TASK PROMPT:
Write the data below out exactly as it stands. Do not include the pictures.
*** DATASET EXTRACT Section Begins ***
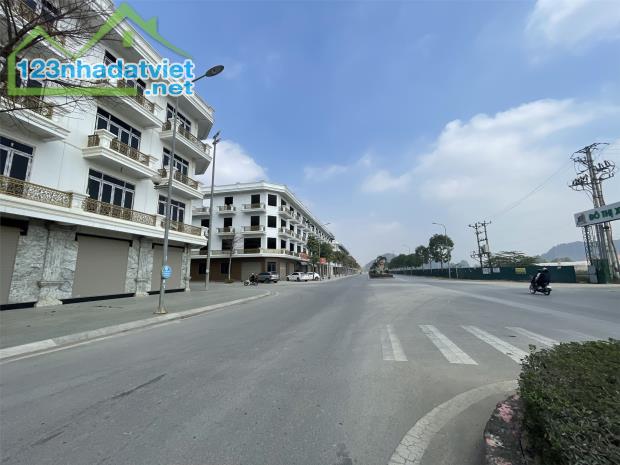SHOPHOUSE ĐẠI LỘ CSEDP. SANG TÊN SỔ NGAY. NHẬN NHÀ KD NGAY. TP.THANH HÓA. LH: 0966 343 969 - 3
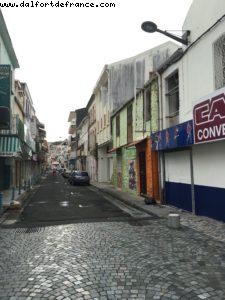 Fort de France - Our 55th Atlantis Cruise (Celebrity Summit)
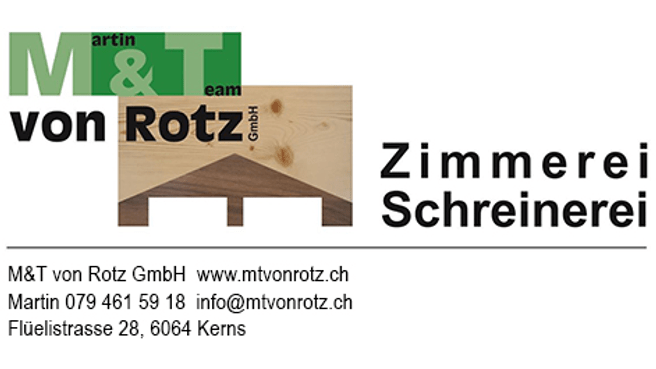 Immagine M&T von Rotz GmbH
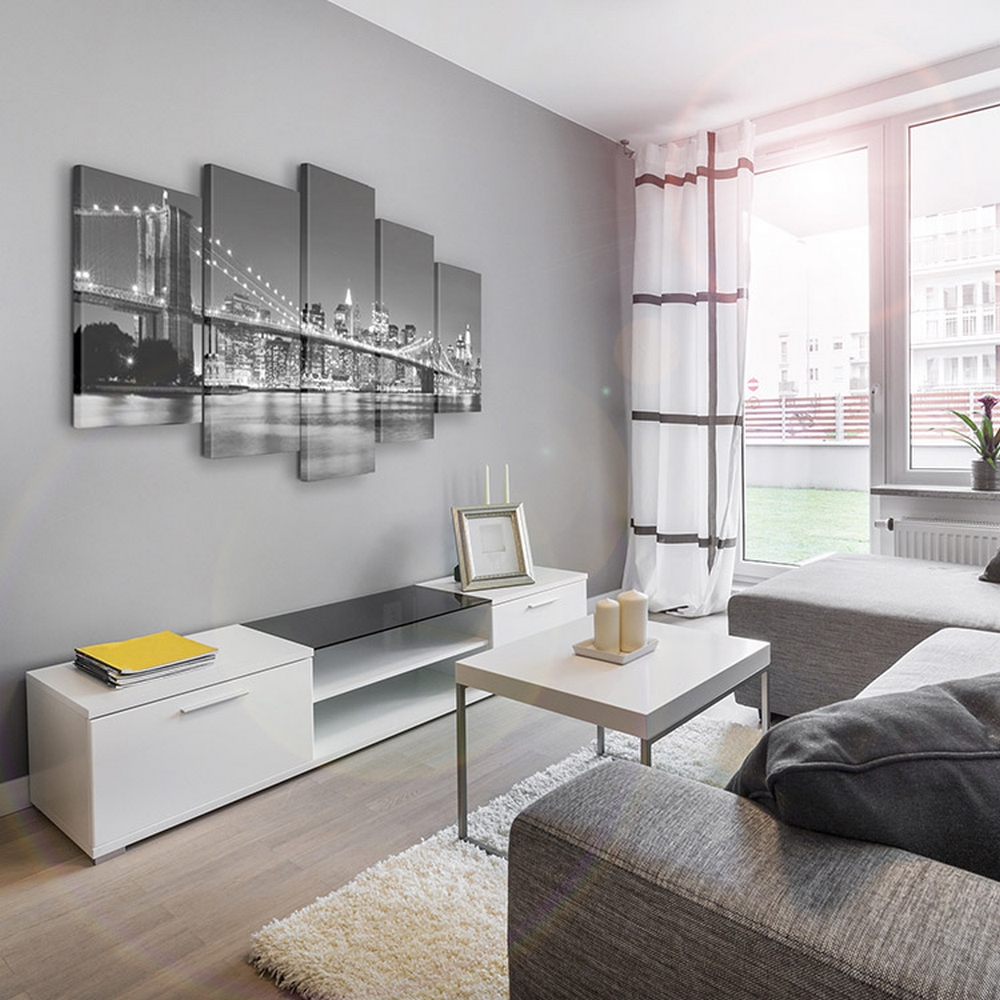 Tavla Arkiio Drömmen Om New York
*** DATASET EXTRACT Section Ends ***
YOUR RESPONSE:
SHOPHOUSE ĐẠI LỘ CSEDP. SANG TÊN SỔ NGAY. NHẬN NHÀ KD NGAY. TP.THANH HÓA. LH: 0966 343 969 - 3
 Fort de France - Our 55th Atlantis Cruise (Celebrity Summit)
 Immagine M&T von Rotz GmbH
 Tavla Arkiio Drömmen Om New York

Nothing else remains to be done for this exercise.